While he acknowledged in his directive that helping those who lives are in danger was a “priority,” he warned that there must be “sanctions” for those who “explicitly violate international, European and national rescue regulations.”
“Nor must the real risks that the group of migrants may conceal individuals involved in terrorist activities... be overlooked.”
The “passage of rescue ships in Italian territorial waters” was “detrimental to the order and security of the Italian State,” he said.
The directive was issued just hours after an Italian charity ship rescued 49 people off the coast of Libya, under the nose of the Libyan coast guard, before requesting permission to disembark the migrants in Italy.
NGO ships have drawn fire from Rome by attempting on occasion to stop migrants being taken back to crisis-hit Libya, which human rights organizations insist cannot be considered safe for repatriations.

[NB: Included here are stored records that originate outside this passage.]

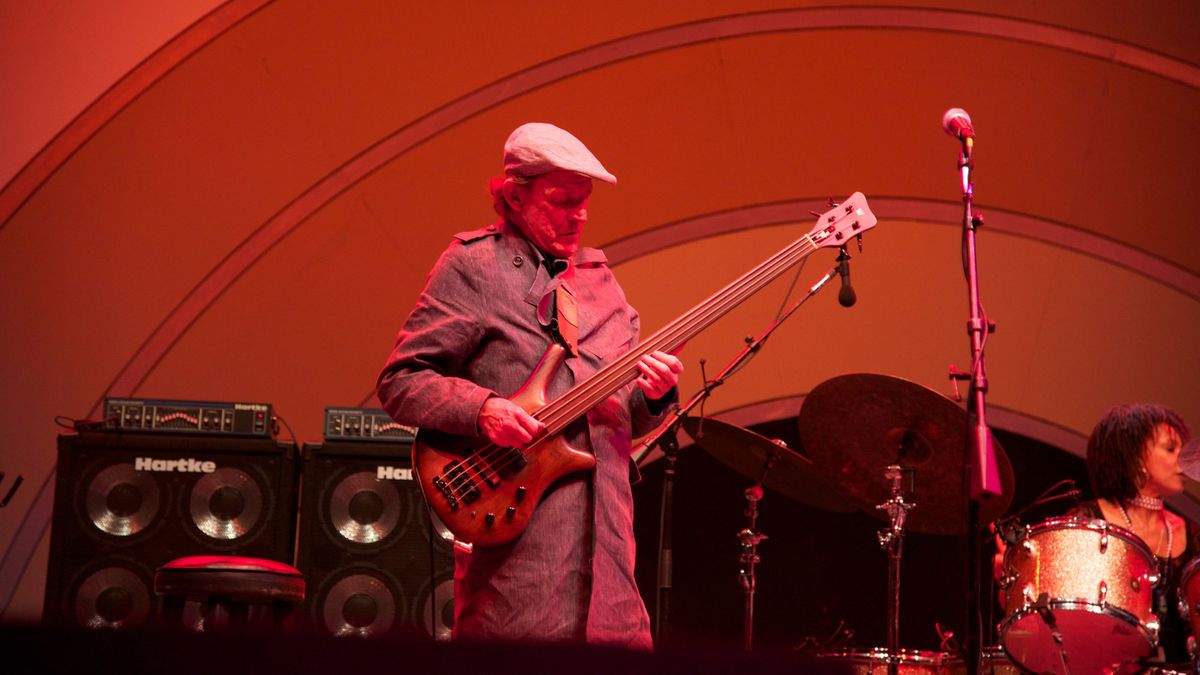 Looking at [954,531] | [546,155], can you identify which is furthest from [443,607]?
[546,155]

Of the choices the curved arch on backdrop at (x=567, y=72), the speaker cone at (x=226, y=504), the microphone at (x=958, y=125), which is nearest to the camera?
the microphone at (x=958, y=125)

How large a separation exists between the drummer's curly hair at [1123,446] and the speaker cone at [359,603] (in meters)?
3.06

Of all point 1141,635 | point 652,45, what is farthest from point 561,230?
point 652,45

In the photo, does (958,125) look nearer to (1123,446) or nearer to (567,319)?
(567,319)

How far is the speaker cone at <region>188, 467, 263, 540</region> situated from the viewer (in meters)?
4.86

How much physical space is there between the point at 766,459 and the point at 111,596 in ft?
8.29

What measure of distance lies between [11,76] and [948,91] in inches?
186

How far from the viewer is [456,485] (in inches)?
108

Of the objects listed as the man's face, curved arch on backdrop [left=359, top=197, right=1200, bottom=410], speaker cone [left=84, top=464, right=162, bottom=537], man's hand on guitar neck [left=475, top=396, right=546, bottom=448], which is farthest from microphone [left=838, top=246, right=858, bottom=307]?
curved arch on backdrop [left=359, top=197, right=1200, bottom=410]

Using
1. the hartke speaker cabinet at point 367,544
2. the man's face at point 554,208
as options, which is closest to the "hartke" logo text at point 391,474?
the hartke speaker cabinet at point 367,544

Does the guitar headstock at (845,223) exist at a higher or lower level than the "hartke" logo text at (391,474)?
higher

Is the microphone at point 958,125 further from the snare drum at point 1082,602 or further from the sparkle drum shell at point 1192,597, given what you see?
the sparkle drum shell at point 1192,597

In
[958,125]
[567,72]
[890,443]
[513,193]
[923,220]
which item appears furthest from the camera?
[923,220]

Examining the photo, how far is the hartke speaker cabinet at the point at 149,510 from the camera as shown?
4.80 metres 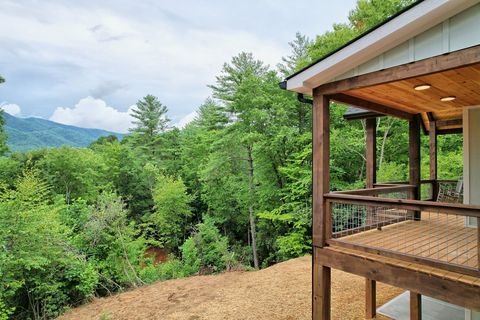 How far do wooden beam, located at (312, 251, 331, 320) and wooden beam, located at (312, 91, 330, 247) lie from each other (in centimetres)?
32

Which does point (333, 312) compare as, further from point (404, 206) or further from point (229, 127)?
point (229, 127)

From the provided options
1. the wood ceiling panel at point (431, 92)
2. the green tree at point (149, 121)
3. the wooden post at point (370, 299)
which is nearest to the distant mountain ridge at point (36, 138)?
the green tree at point (149, 121)

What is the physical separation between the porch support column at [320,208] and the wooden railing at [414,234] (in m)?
0.09

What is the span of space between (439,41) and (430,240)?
273cm

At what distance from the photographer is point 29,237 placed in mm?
9359

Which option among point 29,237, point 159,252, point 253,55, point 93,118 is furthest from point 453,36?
point 93,118

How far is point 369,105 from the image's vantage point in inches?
200

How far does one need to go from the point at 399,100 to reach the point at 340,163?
33.6 ft

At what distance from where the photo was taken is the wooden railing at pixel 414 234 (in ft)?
Result: 10.1

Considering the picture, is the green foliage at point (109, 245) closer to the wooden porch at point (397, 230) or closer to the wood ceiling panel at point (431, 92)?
the wooden porch at point (397, 230)

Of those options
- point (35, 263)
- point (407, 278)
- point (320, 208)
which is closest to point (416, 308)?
point (407, 278)

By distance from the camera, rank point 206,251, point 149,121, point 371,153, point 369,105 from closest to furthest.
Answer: point 369,105
point 371,153
point 206,251
point 149,121

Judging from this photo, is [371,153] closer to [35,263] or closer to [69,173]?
[35,263]

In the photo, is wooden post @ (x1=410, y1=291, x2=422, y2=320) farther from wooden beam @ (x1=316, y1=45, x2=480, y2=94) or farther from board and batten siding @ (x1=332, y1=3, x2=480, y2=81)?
board and batten siding @ (x1=332, y1=3, x2=480, y2=81) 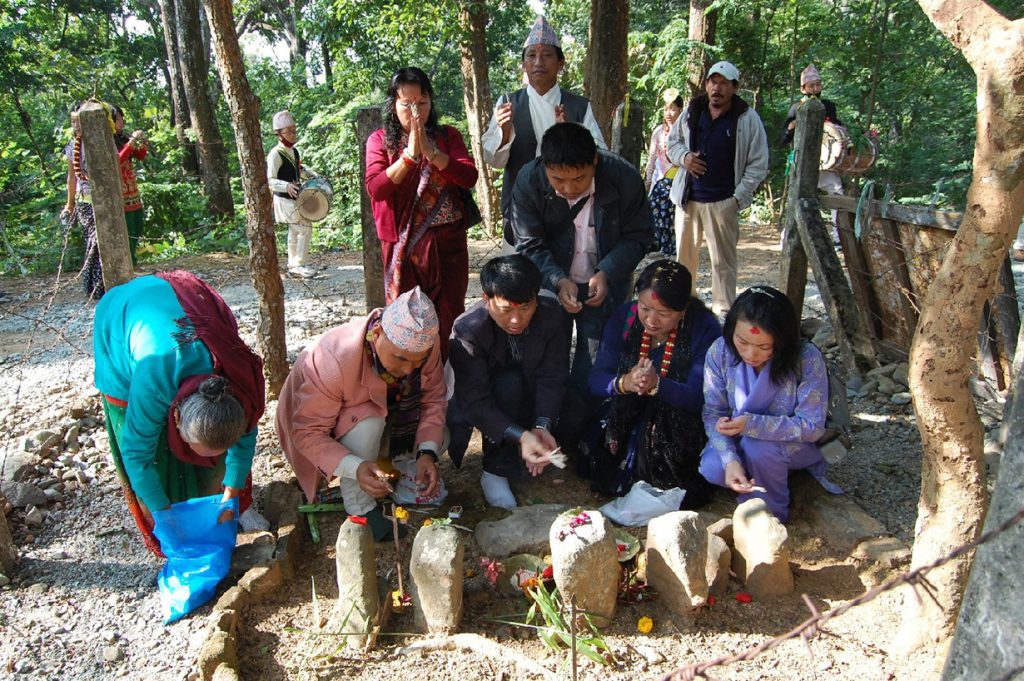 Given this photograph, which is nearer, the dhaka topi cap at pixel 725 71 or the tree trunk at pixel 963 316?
the tree trunk at pixel 963 316

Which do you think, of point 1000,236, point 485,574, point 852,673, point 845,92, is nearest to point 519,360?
point 485,574

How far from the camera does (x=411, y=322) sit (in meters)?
2.82

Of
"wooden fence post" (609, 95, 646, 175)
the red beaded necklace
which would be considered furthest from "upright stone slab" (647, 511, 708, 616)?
"wooden fence post" (609, 95, 646, 175)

“It has happened that ships... have come to the aid of migrants in non-Italian SRRs (Search and Rescue Regions) and have disregarded the orders of the competent SAR (Search and Rescue) authorities,” Salvini said in the directive.
Ships rescuing migrants in areas of the Mediterranean that fall under Libyan responsibility, during operations not coordinated by the command center in Rome, have no right to seek Italy as a port of safety, he said.
He accused the ships in question of “carrying out the rescue on their own initiative and then heading toward European maritime borders... in violation of international maritime law.”
Salvini also took issue with charity ships that set sail for Italy rather than other ports.
“Nor are the Italian coasts the only possible landing places in the event of rescue events, given that the Libyan, Tunisian and Maltese ports can offer adequate logistical and health assistance... (and) are closer in terms of nautical miles.”
Salvini, whose anti-migrant rhetoric has boosted him in the polls, has repeatedly vowed to find a way to ban all ships with rescued migrants from entering Italian waters.
He also insists Europe must do much more to help house asylum seekers.
Europe has been wrestling with divisions over how to handle the problem since the migration crisis of 2015 when more than one million people arrived on its shores, many of them fleeing conflict in the Middle East.